M. [C] ayant demandé sa réintégration, la nullité de son licenciement implique la poursuite de son contrat de travail à l’égard de la société Altis Semiconductor et donc transfert de ce contrat au profit de la société X-FAB France à la date de la cession arrêtée par le tribunal de commerce, dès lors que son licenciement n’a pas été autorisé dans le plan de redressement.

Les motifs d’équité avancés par la société X-FAB France ne peuvent faire échec à des dispositions légales impératives car d’ordre public.

Ainsi, sur la base de la rémunération brute mensuelle retenue ci-dessus, il revient à M. [C] la somme de 123 424,72 euros pour la période du 30 septembre 2016 au 30 avril 2022, soit une période de 67 mois.

Comme déjà précisé ci-dessus, cette somme n’ouvre pas droit à l’indemnité de congés payés.

En conséquence, la société X-FAB France sera condamnée à verser à M. [C] la somme de 123 424,72 euros.

La réintégration de M. [C] dans les effectifs de la société X-FAB France et toutes les conséquences qui y sont attachées sont de droit.

Elle sera ordonnée dans les conditions indiquées dans le dispositif ci-dessous.

L’implication tardive de la société X-FAB France dans la procédure ne permet pas de présumer une résistance de celle-ci dans l’exécution du présent arrêt.

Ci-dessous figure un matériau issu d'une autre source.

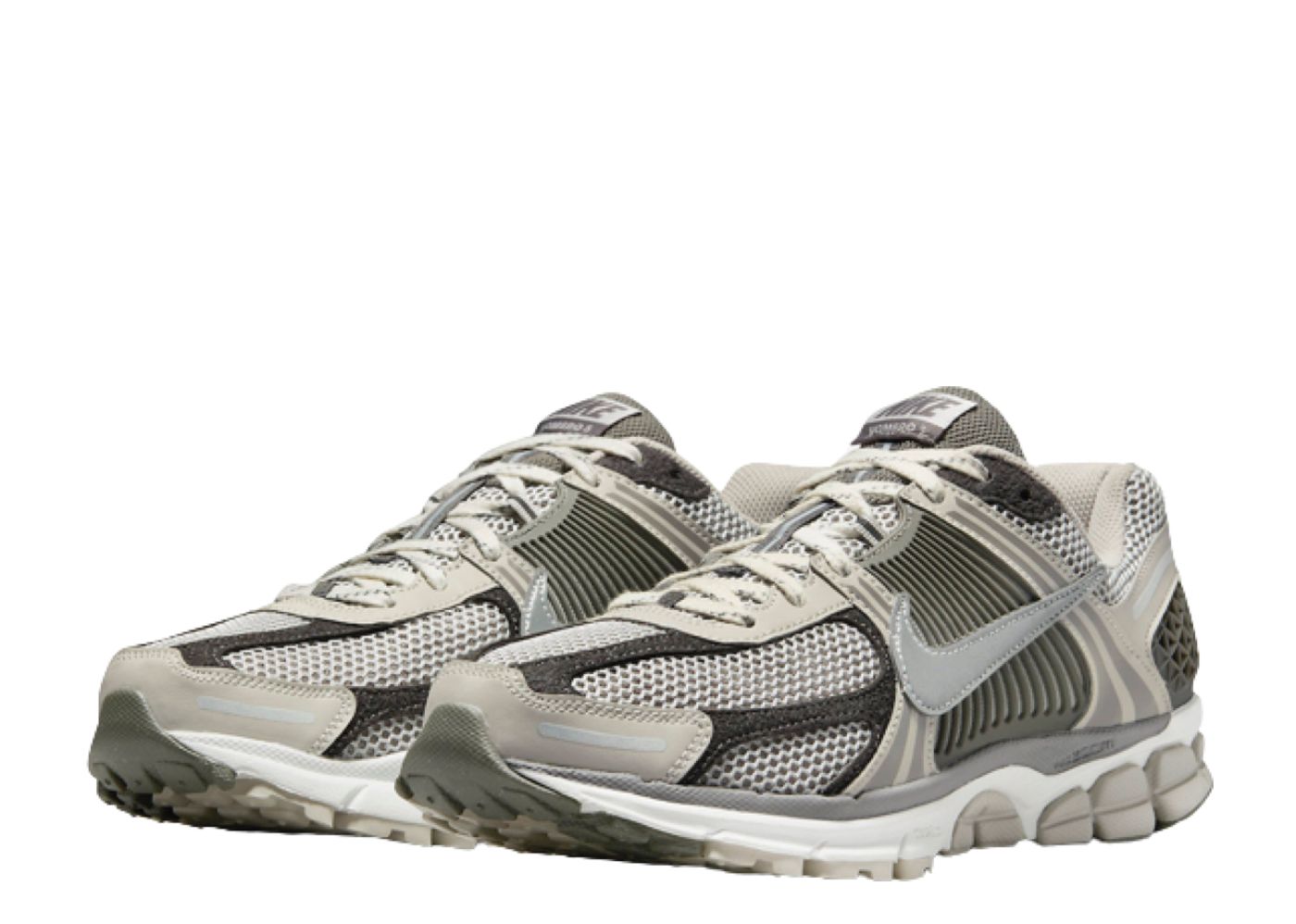 zoom vomero 5 iron ore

La demande d’astreinte sera rejetée.

Sur les frais non compris dans les dépens

Conformément aux dispositions de l’article 700 du code de procédure civile, la société X-FAB France sera condamnée à verser la somme de 3 000 euros au titre des frais exposés par l’appelant qui ne sont pas compris dans les dépens.

Selon la faculté prévue par ce texte, il ne sera pas prononcé de condamnation au titre des frais exposés non compris dans les dépens à l’encontre de la SELAFA MJA, ès-qualités, en raison de la situation économique de la société Altis Semiconductor placée en liquidation judiciaire.

PAR CES MOTIFS

La cour, statuant dans la limite de la cassation prononcée par l’arrêt de la Cour de Cassation, chambre sociale, du 12 mai 2021,

ORDONNE la jonction des affaires inscrites au rôle la cour sous les numéros 21/06270 et 21/07589,

FIXE la créance de M. [C] au passif de la société Altis Semiconductor à la somme de 152.285,22 euros représentant le montant des salaires qu’aurait dû percevoir le salarié du 5 mai 2007 au 30 septembre 2016 du fait de son licenciement nul,

DIT que les sommes versées par la société Altis Semiconductor à titre de salaires sur cette période en exécution de l’ordonnance de référé rendue par le conseil de prud’hommes d’Evry le 4 décembre 2008 s’imputeront sur ce montant,

DÉCLARE l’arrêt opposable à l’AGS CGEA Ile de France Ouest qui devra sa garantie pour la somme ci-dessus dans les conditions et limites légales,

CONDAMNE la société X-FAB France à payer à M. [C] la somme de 123 424,72 euros représentant le montant des salaires qu’aurait dû percevoir le salarié pour la période du 30 septembre 2016 à la date provisoirement arrêtée du 30 avril 2022,

ORDONNE la poursuite du contrat de travail et la réintégration de M. [J] [C] au sein de la société X-FAB France dans le délai de trois mois à compter de la notification de la présente décision,

CONDAMNE la société X-FAB France à effectuer la régularisation sociale de M. [C] par l’établissement de bulletins de paie, déclaration auprès des organismes sociaux, dans le délai de trois mois à compter de la notification de la présente décision,

CONDAMNE la société X-FAB France à verser à M. [C] la somme de 3 000 euros en application de l’article 700 du code de procédure civile,

DÉBOUTE M. [C] du surplus de ses demandes,

CONDAMNE la société X-FAB France aux dépens de la présente procédure sur renvoi après cassation.